§ **WHAT IS REQUIRED**: Repeat the data verbatim.

(Short web captions)
+++

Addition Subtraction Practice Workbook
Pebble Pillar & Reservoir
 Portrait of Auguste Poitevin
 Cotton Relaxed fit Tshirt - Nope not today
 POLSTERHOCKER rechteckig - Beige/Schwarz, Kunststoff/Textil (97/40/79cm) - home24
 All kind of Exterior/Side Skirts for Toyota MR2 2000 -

+++

§ **RESULT OF THE EXERCISE**:
Addition Subtraction Practice Workbook
Pebble Pillar & Reservoir
 Portrait of Auguste Poitevin
 Cotton Relaxed fit Tshirt - Nope not today
 POLSTERHOCKER rechteckig - Beige/Schwarz, Kunststoff/Textil (97/40/79cm) - home24
 All kind of Exterior/Side Skirts for Toyota MR2 2000 -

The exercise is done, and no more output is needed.